Notwithstanding the rhetoric, both sides have so far sought to defuse tensions. A US-EU Task Force on the Inflation Reduction Act was created in October, with senior officials meeting weekly to discuss potential solutions. Moreover, US House and Senate Democrats have recently proposed a delayed phase-in period for automakers to fulfill the IRA’s sourcing requirements, reducing the pressure on the EU to obtain concessions from the US on that front quickly.
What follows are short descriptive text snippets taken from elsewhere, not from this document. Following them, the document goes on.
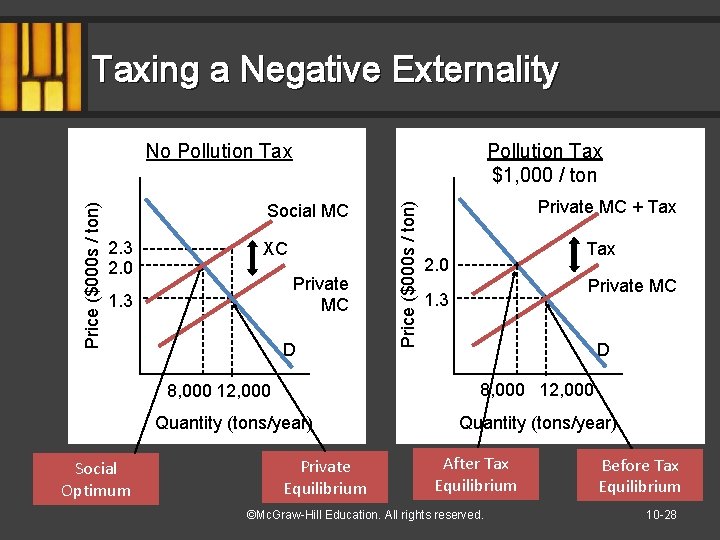 Taxing a Negative Externality Pollution Tax $1, 000 / ton Social MC 2. 3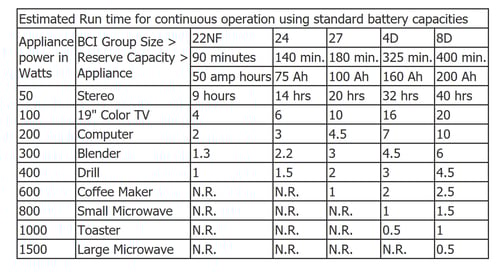 Standard Battery Run Times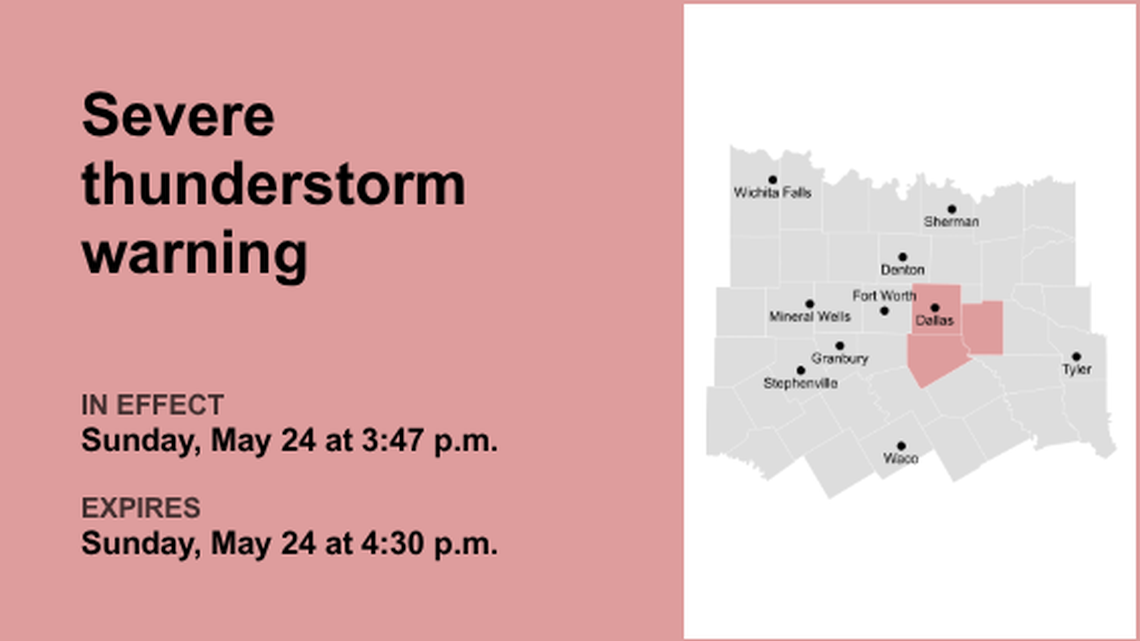 UPDATE: Thunderstorms with quarter-sized hail in North Texas 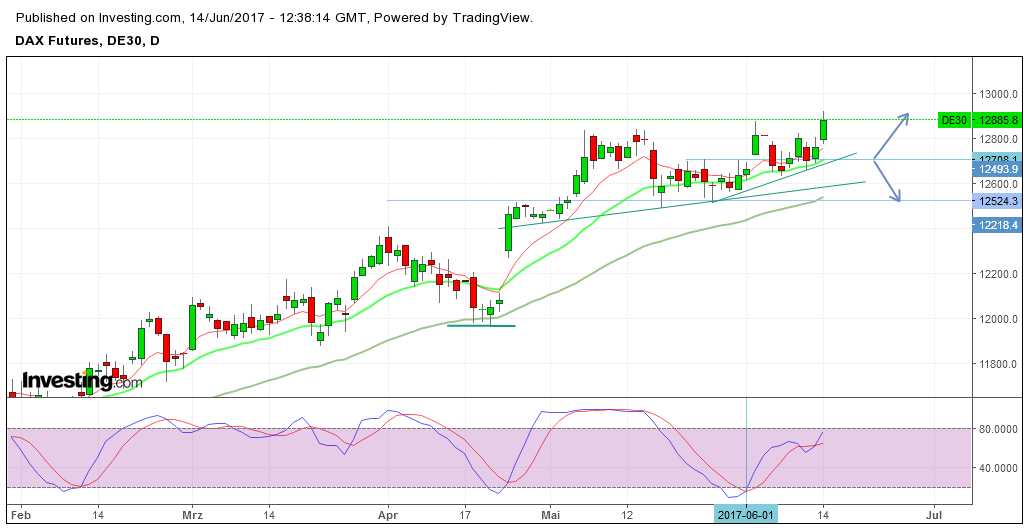 2017-06-14_dax_daily.png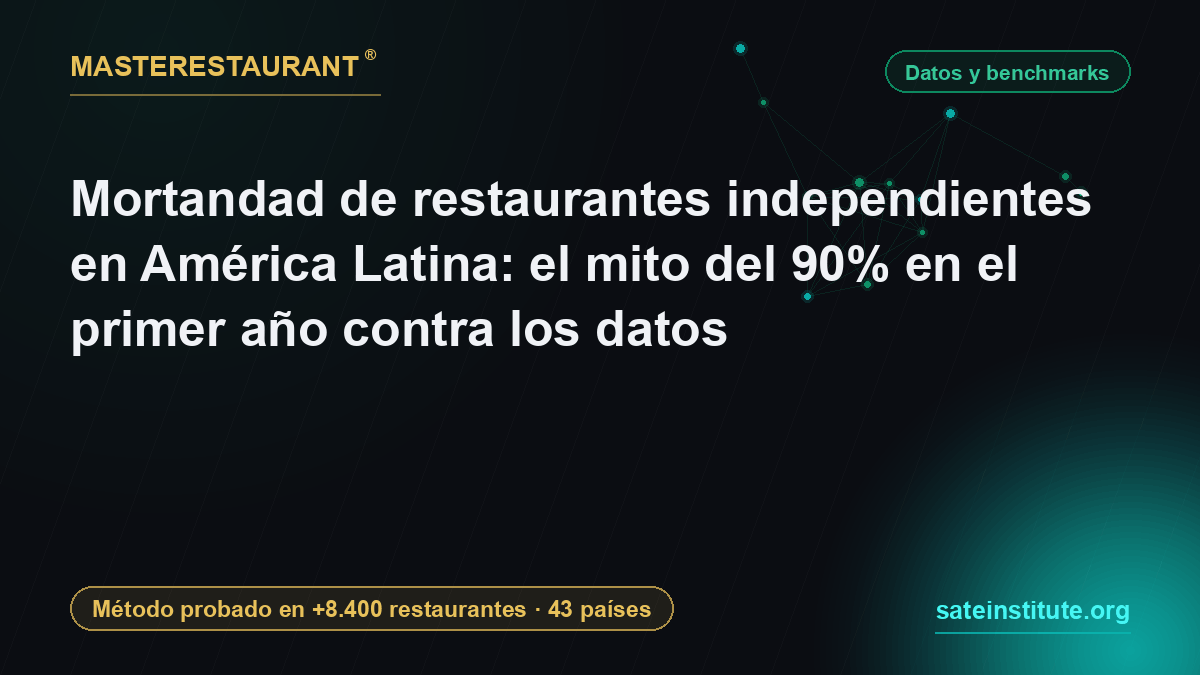 Independent restaurant mortality in Latin America: the 90% first-year myth against the registries — Masterestaurant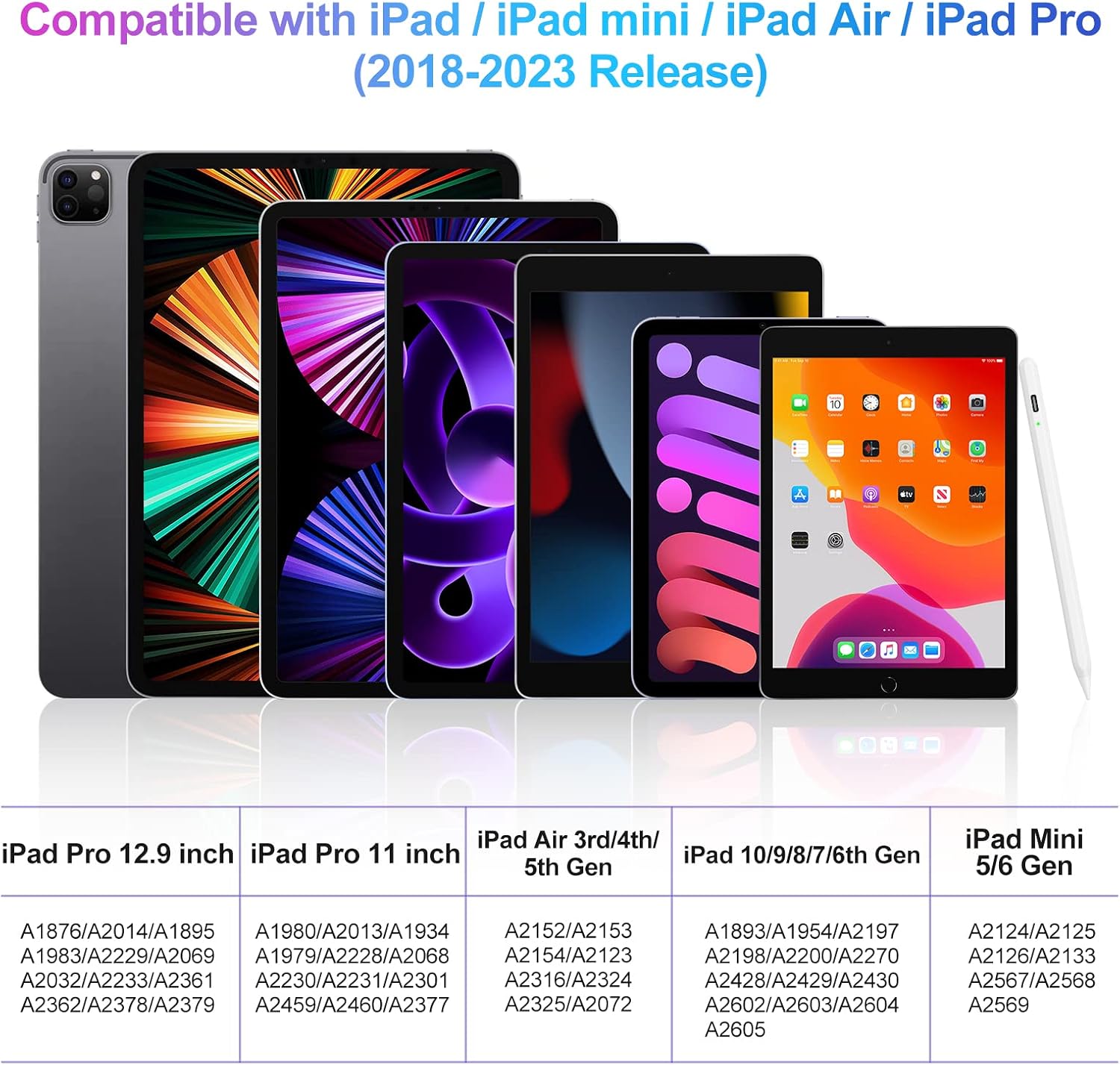 LÁPIZ STYLUS COO PARA IPAD PRO AIR MINI 2018-2024 CON PALM REJECTION Y CARGA RÁPIDA - 2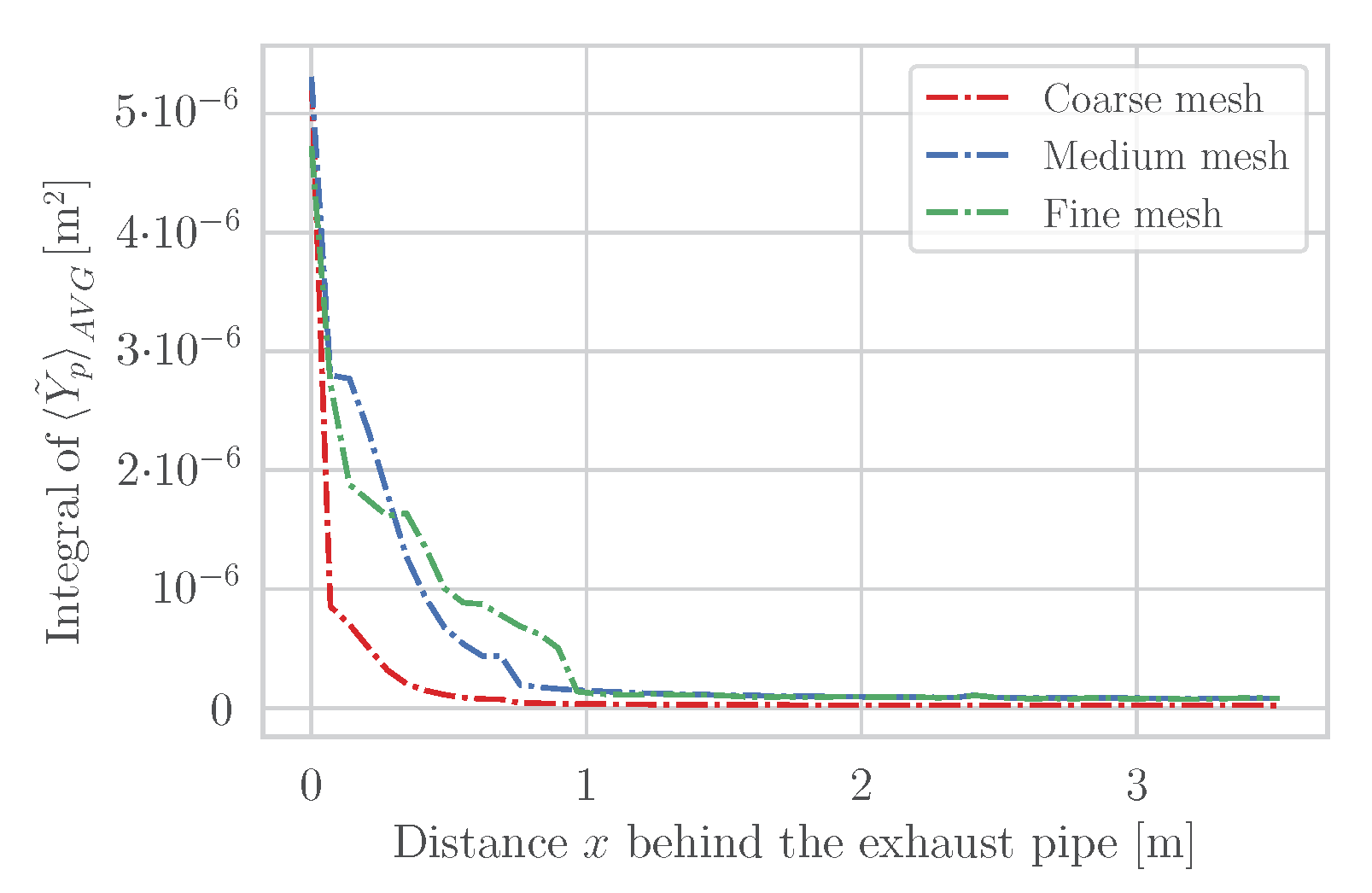 Atmosphere 14 00558 g003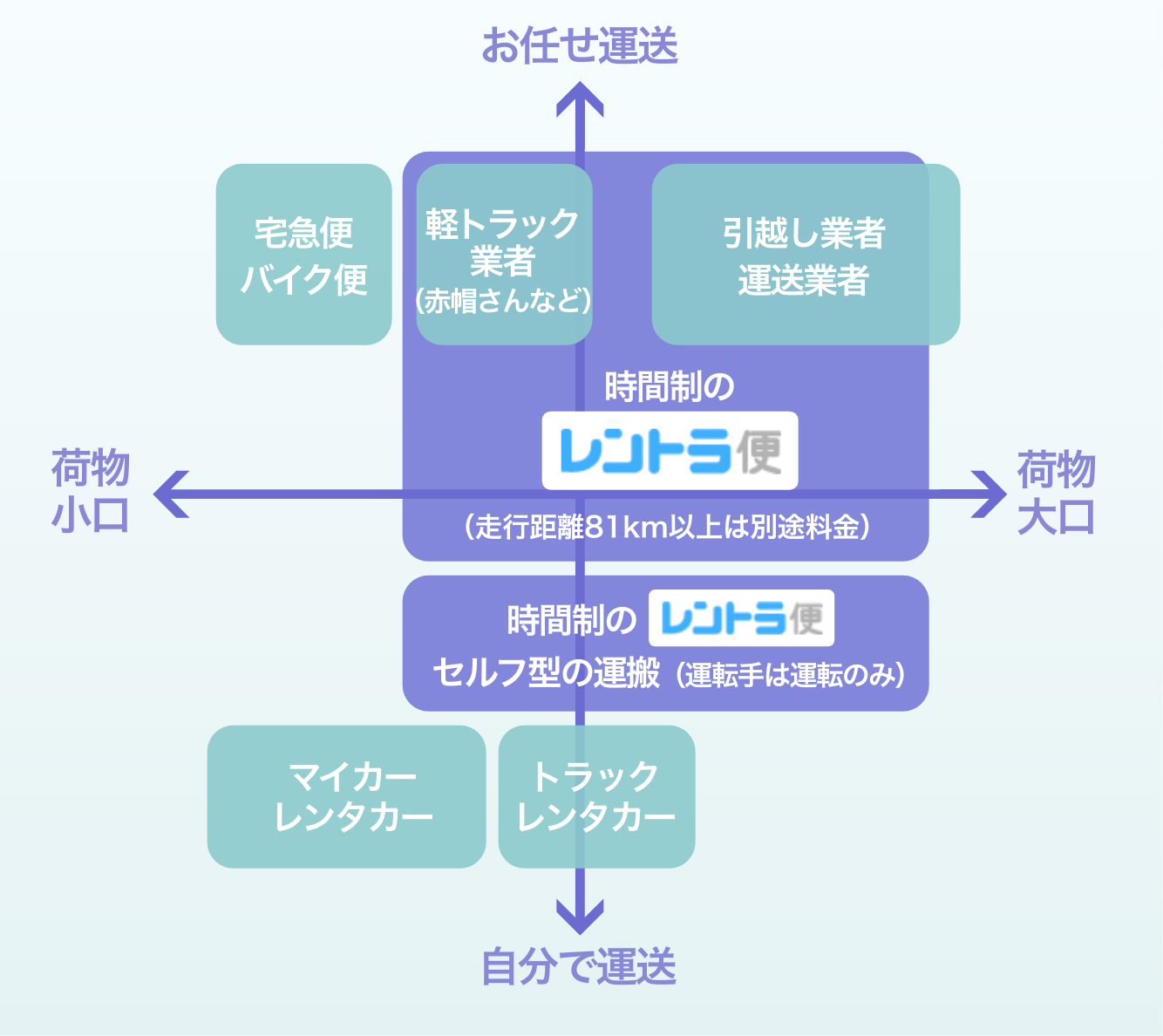 業界ポジショニングマップ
But such a development only postpones the problem and does not address Brussels’ concerns regarding other areas of the IRA.
The reality is that the EU has no appetite for initiating a trade conflict with the US. EU governments would rather see European companies becoming eligible for the proposed financial incentives under the IRA. Moreover, Brussels is wary of a return to the Trump era, and the substantial improvement of transatlantic coordination under the Biden presidency offers an opportunity to solve ongoing disagreements through negotiations. At the same time, while no additional landmark legislative items like the IRA are likely to be passed in the US in the next two years, the rhetoric on “Made in America” will be a bipartisan chorus and could lead to other legislative remedies like tax cuts. The Republican Party will also likely host hearings on the implementation of the IRA, which might further politicize the issue and complicate EU-US negotiations.
If no deal is struck, the EU will likely take the US to the WTO, even if the effectiveness of such a strategy is unclear. Such a scenario would also generate an intense discussion among EU capitals about whether to enforce retaliatory measures against the US. Meanwhile, those in Europe arguing for subsidies to prop up EU firms would likely use the opportunity to advance their case further.
"Open" Strategic Autonomy is Hard to Do
The IRA case has revived the debate between EU policymakers about how the bloc should adapt to the new geopolitical context. For instance, some argue in favor of upholding existing EU competition rules and the multilateral trade order as much as possible. In contrast, others want to bend existing norms to allow the emergence of “European champions” able to prevail in the global economy. In this regard, the EU’s “open strategic autonomy” agenda posits that the bloc should cooperate multilaterally wherever it can (for instance, by creating common solutions to bolster the resilience of supply chains) and act autonomously wherever it must (for example, by developing tools against economic coercion). The strategy can be seen as a compromise between the two views.
At the same time, because of its domestic political economy and the competition with China, the direction of travel of US policy creates a serious challenge to the EU’s approach. For now, the preference is to develop bilateral solutions that can accommodate political realities on both sides of the Atlantic. But if political pressure to favor American firms via industrial policy continues to build up and US economic decoupling policies accelerate (for instance, through political change in Washington), the EU might find it increasingly difficult to push for those elements of its strategy that are focused on maintaining “openness.”